=== Section Start ===

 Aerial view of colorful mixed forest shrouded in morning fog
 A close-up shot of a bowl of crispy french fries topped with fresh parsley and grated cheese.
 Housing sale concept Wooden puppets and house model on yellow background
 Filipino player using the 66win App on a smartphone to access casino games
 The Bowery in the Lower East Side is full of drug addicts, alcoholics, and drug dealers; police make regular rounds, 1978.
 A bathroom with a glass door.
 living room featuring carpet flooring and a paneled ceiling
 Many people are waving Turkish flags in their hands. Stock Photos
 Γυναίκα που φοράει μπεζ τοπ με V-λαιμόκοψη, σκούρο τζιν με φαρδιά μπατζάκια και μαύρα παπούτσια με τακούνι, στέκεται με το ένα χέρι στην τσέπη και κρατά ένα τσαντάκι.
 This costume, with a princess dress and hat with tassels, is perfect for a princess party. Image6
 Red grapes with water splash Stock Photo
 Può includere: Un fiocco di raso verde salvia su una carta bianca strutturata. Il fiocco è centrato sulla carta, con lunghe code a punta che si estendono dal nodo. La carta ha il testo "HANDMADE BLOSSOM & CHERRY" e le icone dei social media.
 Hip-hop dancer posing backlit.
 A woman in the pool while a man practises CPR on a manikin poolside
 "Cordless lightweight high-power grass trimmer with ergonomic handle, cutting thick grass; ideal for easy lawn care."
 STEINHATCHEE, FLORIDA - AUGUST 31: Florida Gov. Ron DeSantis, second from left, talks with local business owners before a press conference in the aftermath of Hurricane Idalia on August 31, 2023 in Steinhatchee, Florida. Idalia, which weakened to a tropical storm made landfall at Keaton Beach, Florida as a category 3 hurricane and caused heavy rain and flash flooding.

=== Section End ===

• _Exercise details_
Repeat the material exactly. Begin with its first line and end with the line that has "Hip-hop dancer posing backlit.".

• _Your solution_
 Aerial view of colorful mixed forest shrouded in morning fog
 A close-up shot of a bowl of crispy french fries topped with fresh parsley and grated cheese.
 Housing sale concept Wooden puppets and house model on yellow background
 Filipino player using the 66win App on a smartphone to access casino games
 The Bowery in the Lower East Side is full of drug addicts, alcoholics, and drug dealers; police make regular rounds, 1978.
 A bathroom with a glass door.
 living room featuring carpet flooring and a paneled ceiling
 Many people are waving Turkish flags in their hands. Stock Photos
 Γυναίκα που φοράει μπεζ τοπ με V-λαιμόκοψη, σκούρο τζιν με φαρδιά μπατζάκια και μαύρα παπούτσια με τακούνι, στέκεται με το ένα χέρι στην τσέπη και κρατά ένα τσαντάκι.
 This costume, with a princess dress and hat with tassels, is perfect for a princess party. Image6
 Red grapes with water splash Stock Photo
 Può includere: Un fiocco di raso verde salvia su una carta bianca strutturata. Il fiocco è centrato sulla carta, con lunghe code a punta che si estendono dal nodo. La carta ha il testo "HANDMADE BLOSSOM & CHERRY" e le icone dei social media.
 Hip-hop dancer posing backlit.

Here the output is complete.